April 8th 2008
Bush
According to a recent survey, 61% of the top historians in the U.S. rank George W. Bush as the worst president ever. When the president was told about it, he said he still has some months to convince the other 39%.
According to a Russian newspaper, a sniper located in the airport roof that was in charge of protecting the plane where President Bush arrived, pulled his pants down and went number two without leaving his post. Apparently, that is part of Russia’s sniper training, to create a body-double of your protected subject to confuse people.
Obama
While campaigning in Butte, Montana, Obama refused a shoe-shine from a local hero there. Apparently, Barak didn’t want to show his shoe size because people will immediately realize what half of him is white.

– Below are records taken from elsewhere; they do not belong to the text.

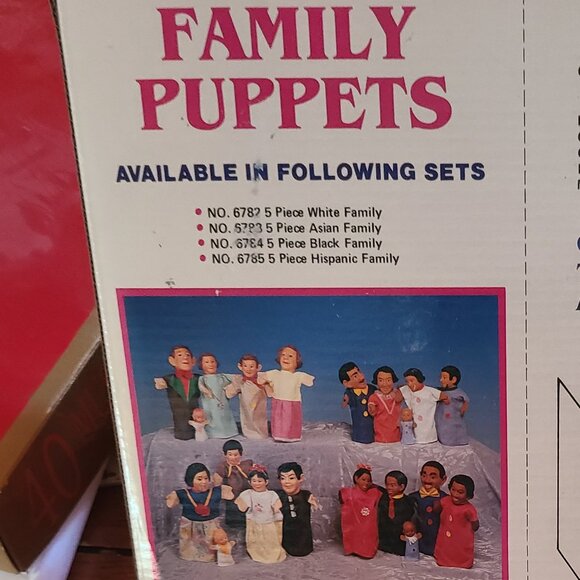 Vintage New 6784 Black Family 2 Piece Family Hand Puppets Family Theater - Picture 2 of 6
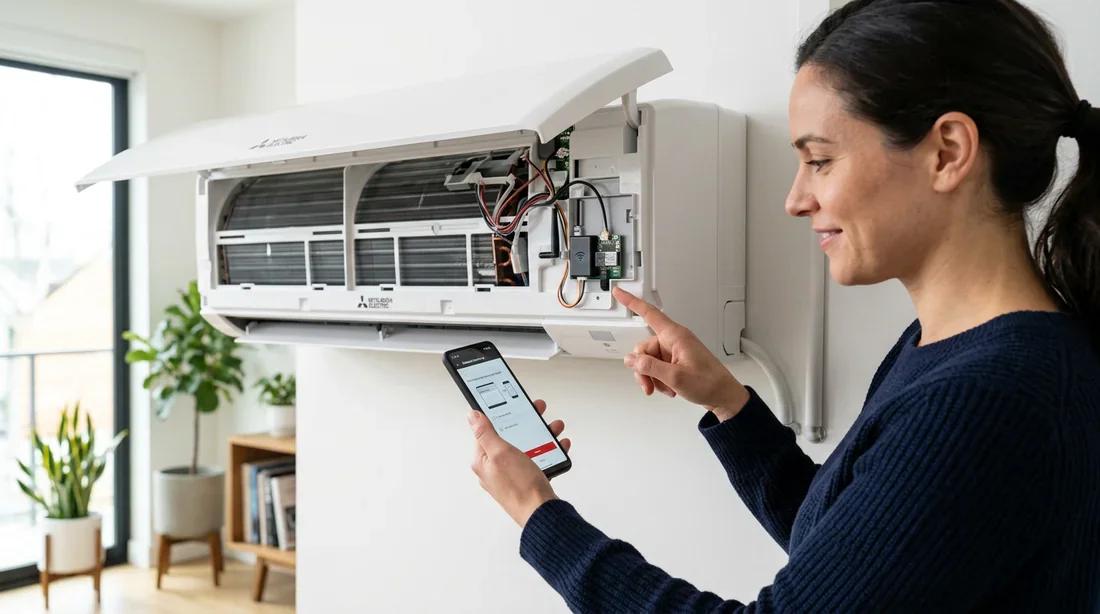 Installation et configuration de l'adaptateur Wi-Fi MELCloud sur un climatiseur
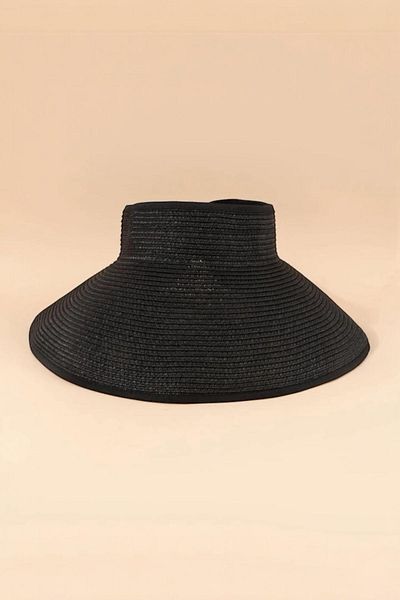 BAHELS Imported Black Bow Folding Sunscreen Straw Visor Hat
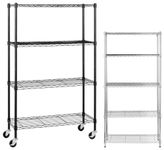 AmazonBasics Height Adjustable 5-Shelves Heavy Duty Rack - Chrome & Amazon Basics 4-Shelf Shelving Alloy Steel Storage Unit On 3'' Wheel Casters, Metal Organizer Wire Rack (Black, 36L X 14W X 57.75H)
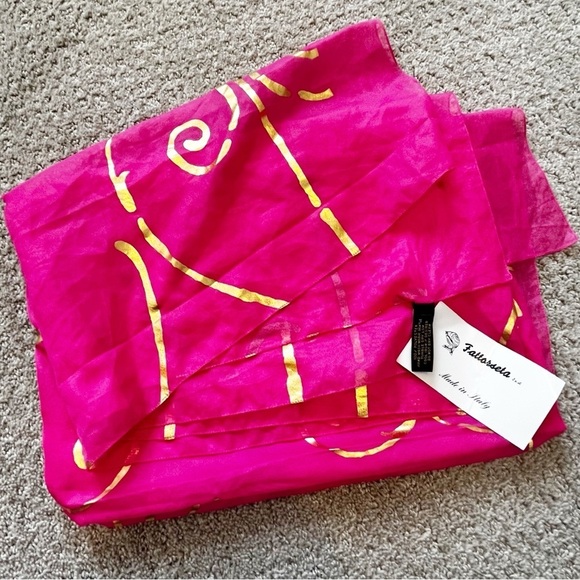Fattorseta Scarf Italy Bubble Gum Pink Shimmer Gold Swirl Wrap Sarong Swim Cover - Picture 1 of 8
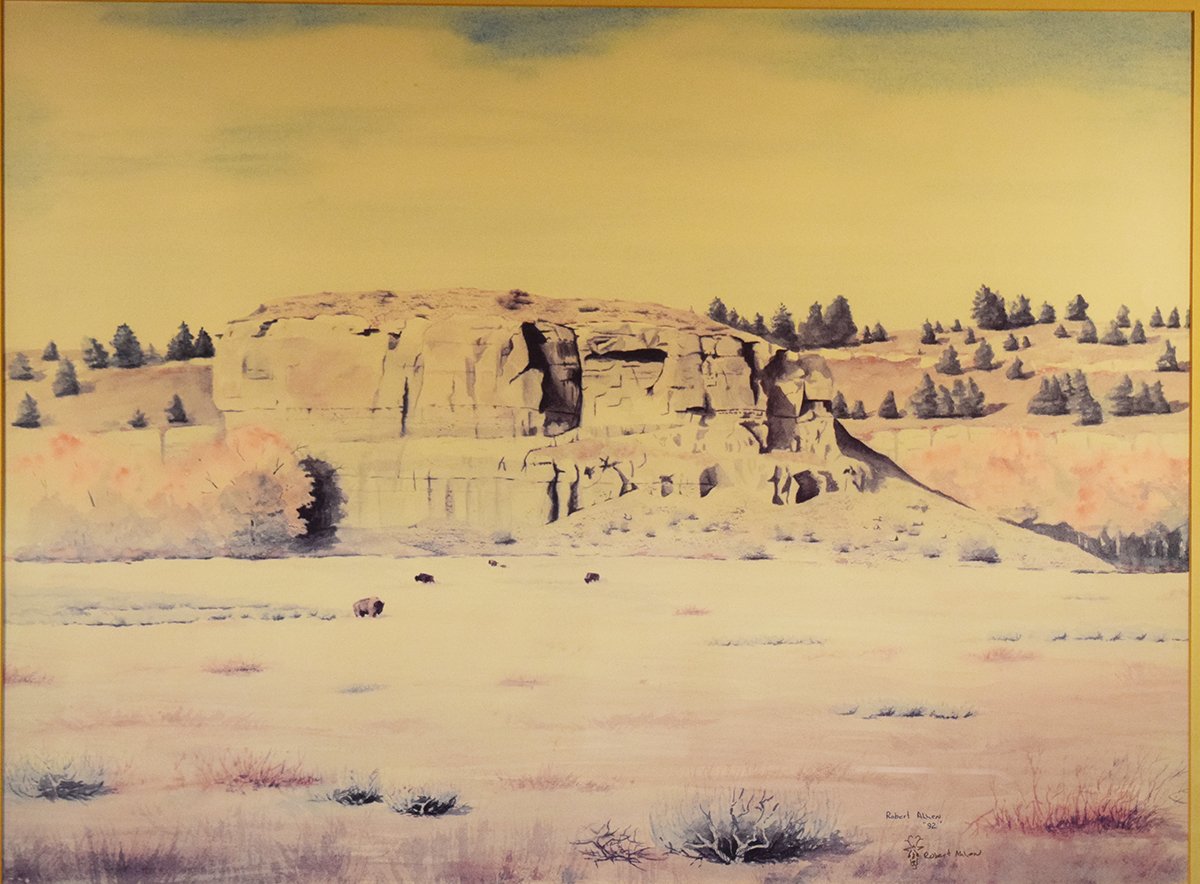 Bailey, Ted, print, Pompeys Pillar, 13" x 28", #2/500, framed, signed lower left, published by the BLM
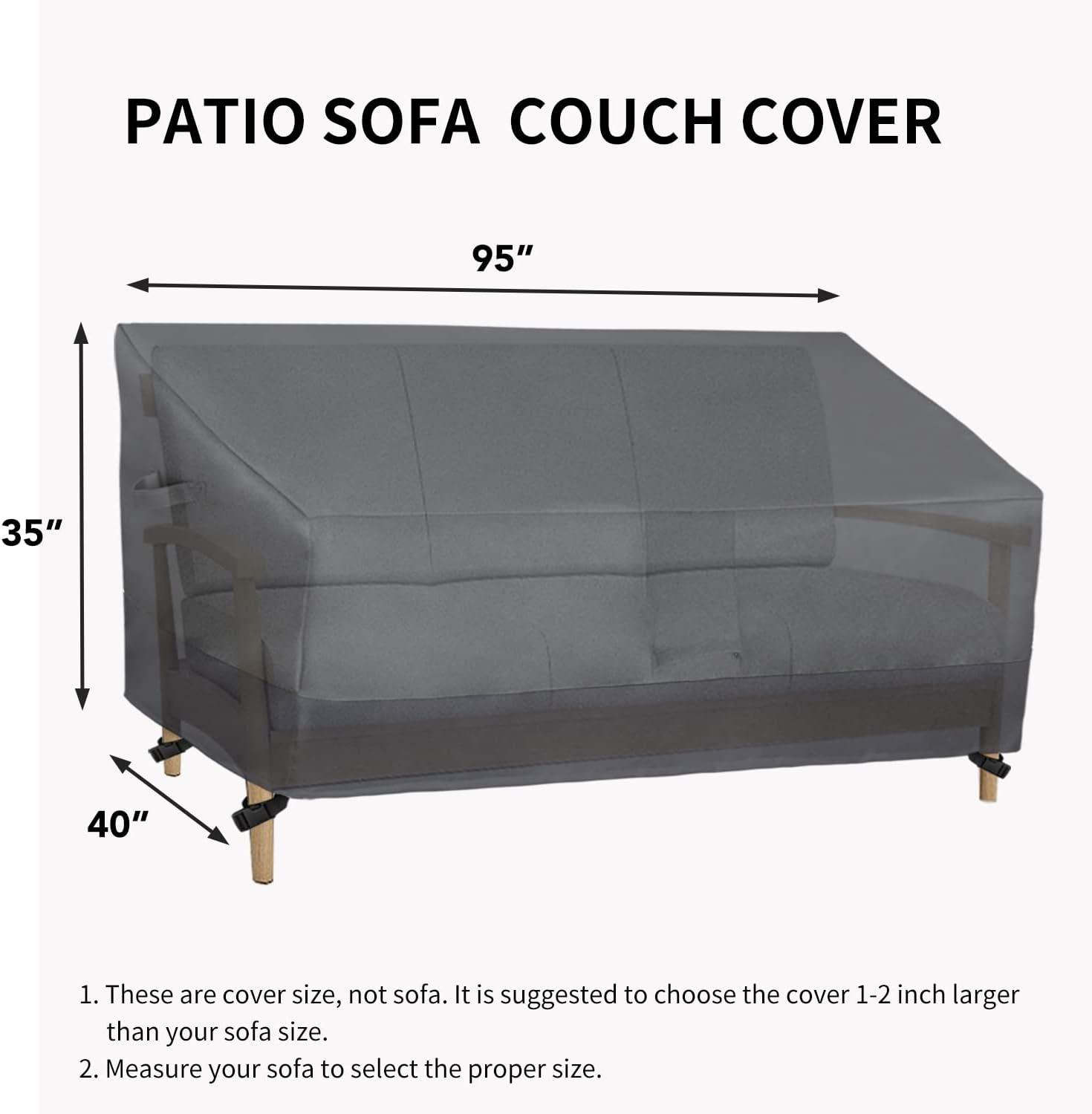 image:imageEasyGoing Heavy Duty 2 Seater Outdoor Loveseat Cover Waterproof Windproof Patio Furniture Sofa Cover with Air Vent 58Wx325Dx31H inch GrayDark GrayGrayDark Gray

Probably, all politicians hate shoe-shining in public because they do not want people to see the kind of shoes they wear to work: clown shoes.
Olympics
The Olympic torch was extinguished several times as it traveled through Paris. Apparently, the French air of superiority kept putting it out.
The Olympic torch was extinguished several times as it traveled through Paris. Apparently, the high price of oil is affecting everybody.
Fergie
Singer Fergie confessed that she drinks vinegar to have a six pack stomach. Ironically, men need another kind of six pack to be able to put up with her bad breath, now.
Singer Fergie confessed that she drinks vinegar to have a six pack stomach. Judging by her face, we all thought the only celebrity drinking vinegar was Renée Zellweger.
Women
A new study from the University of Michigan shows that having a husband creates an extra seven hours of extra housework a week for women. But in all fairness, wives still have more free time, because they do not have sex anymore.
Gas
The U.S. will have this summer the first drop in motor fuel consumption since 1991. Apparently, Americans do not need gas anymore because they do not have jobs to drive to.
Ashcroft
Former Attorney General John Ashcroft drew the ire of students at liberal Skidmore College this week when he confused the name of Barack Obama with that of Osama bin Laden. I don’t think Ashcroft got it, because he immediately apologized to Osama.
Police
A man in Pennsylvania lost more than 200 lbs. to be able to become a policeman. The man is expected to regain the weight back in two weeks after a strict diet of donuts and pizza.